Another important limitation of existing knowledge bases is that they are unable to keep up with the high-resolution information that has become available with the advancement of high-throughput technologies and multi-omics assays. For example, data obtained from RNA-Seq experiments allows us to identify transcripts that are active under certain conditions. Multiple transcripts mapping to the same gene can have distinct or even opposite functions due to the alternative splicing (Wang et al., 2008). Although this information is crucial to reveal the underlying biological mechanisms, the majority of the PPI knowledge bases only provides information at the gene level. In addition, knowledge bases do not provide information regarding cell types, conditions and time points each of which is essential to reveal the true phenomenon of a given biological condition. Finally, existing knowledge bases offer at most limited options to integrate multi-omics data. In the past decade, molecular data of all kinds, from transcriptomics to genomics, epigenetics, and non-coding RNA have accumulated on public repositories with unprecedented rates. However, most subnetwork approaches are limited to gene/protein data. A great wealth of these data remain unused since knowledge bases mostly store information about protein or gene interactions. Future approaches need to develop graphical models that take into consideration changes at different levels (e.g., methylation, miRNA, mRNA) to exploit the complementary information available in different types of omics data.

5.2. Method Development

One key challenge for subnetwork method development is the lack of universally accepted gold-standard to validate the identified subnetwork modules. Computational approaches are typically assessed by simulated data or by well-studied biological datasets (He et al., 2017; Vlaic et al., 2018). The advantage of using simulation data is that the ground truth is always known. Thus it can be used to compare different methods using sensitivity and specificity. However, simulation is often oversimplified and unable to capture the complexity of living organisms. On the other hand, when using real biological data, the biology is never fully known. In addition, many papers presenting new analysis methods include results obtained from only a couple of datasets and researchers are often influenced by the observer-expectancy effect (Sackett, 1979). Designing benchmark real datasets where the true mechanisms are known would help address this issue.

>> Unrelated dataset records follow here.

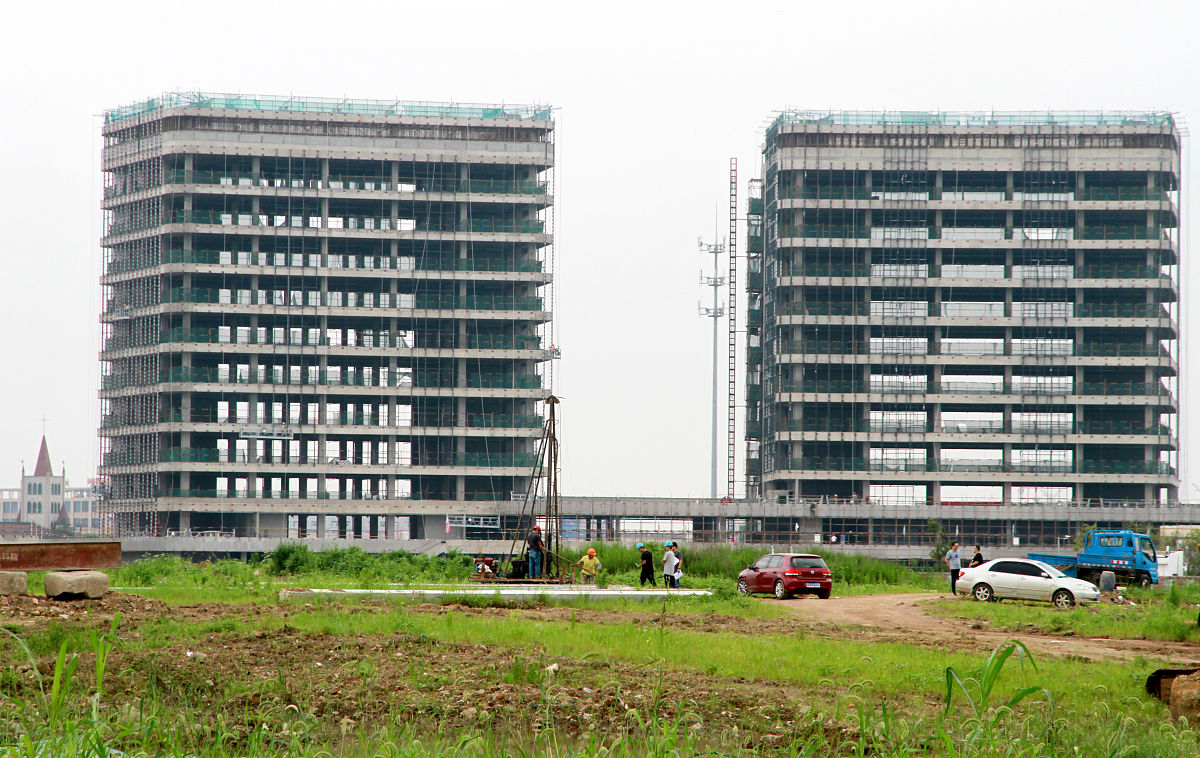 南充高坪职高建筑工程施工专业就业方向：建筑工地管理、设计、房地产等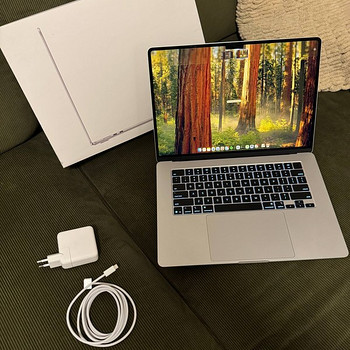 MacBook Air M4 15.3 16 ГБ 256 ГБ Silver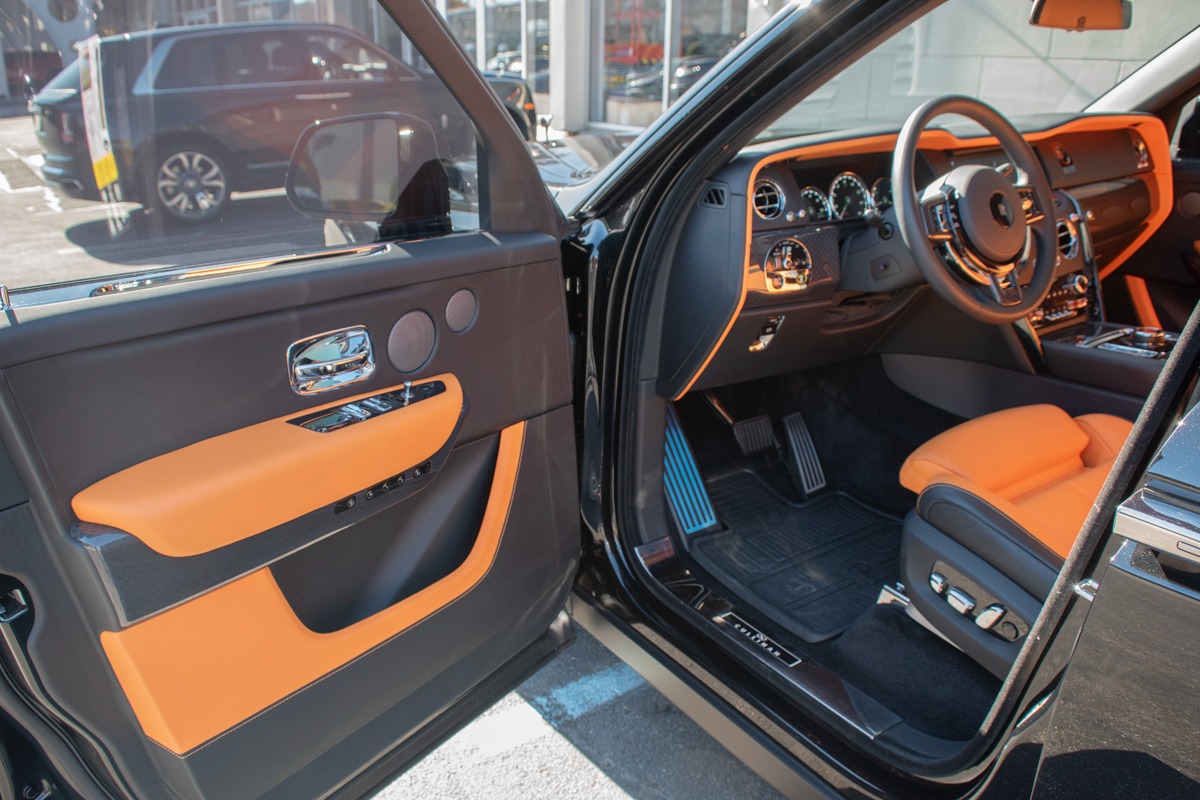 2023 Rolls-Royce Cullinan Image 6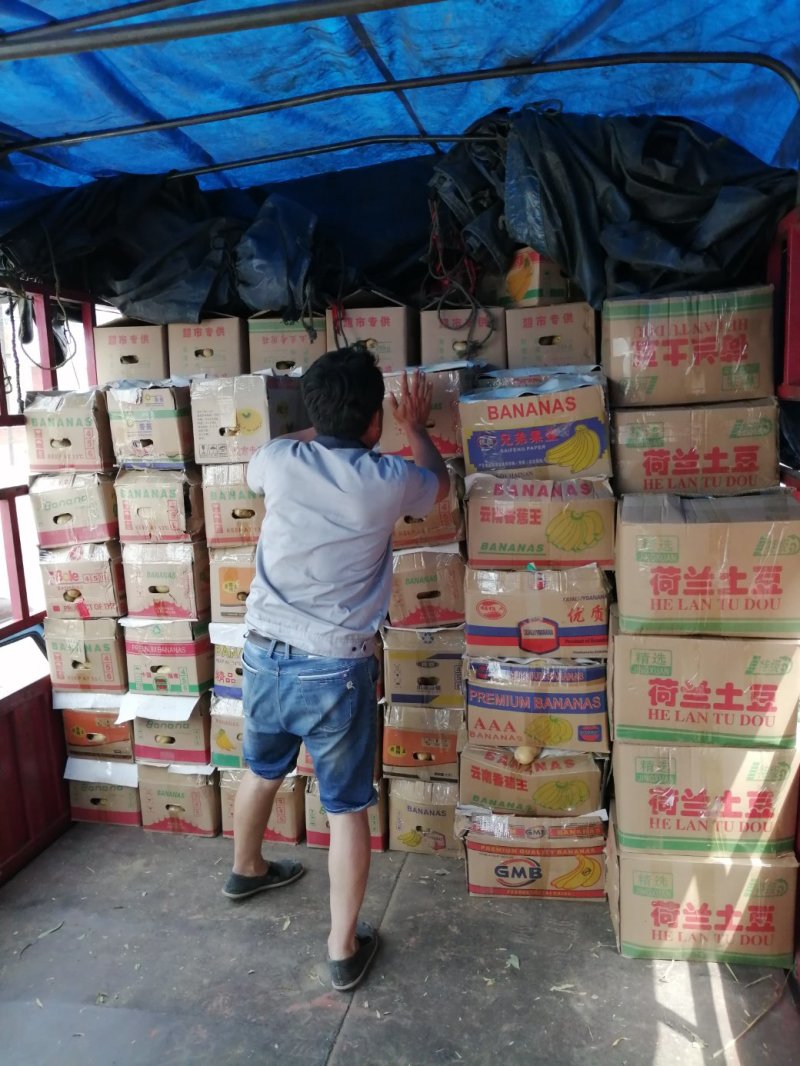 何兰十五，大量现货，质量好，价格便宜，供货量大，需要联系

Furthermore, the majority of the active subnetwork identification methods do not account for the complexity of protein interactions. Most of active subnetwork identification methods and network clustering approaches, produce only non-overlap modules. These methods were developed based on the assumption that a protein can be active in at most one module. However, it is known that most proteins may involve in many biological processes. In addition, a disease can go through different stages and a protein may take place in different active modules at different time points. Producing large networks containing all possible interactions is insufficient to reveal the underlying mechanisms for complex diseases. Reporting different networks for different stages of dynamic networks, in this case, will significantly help to interpret the signal of the disease.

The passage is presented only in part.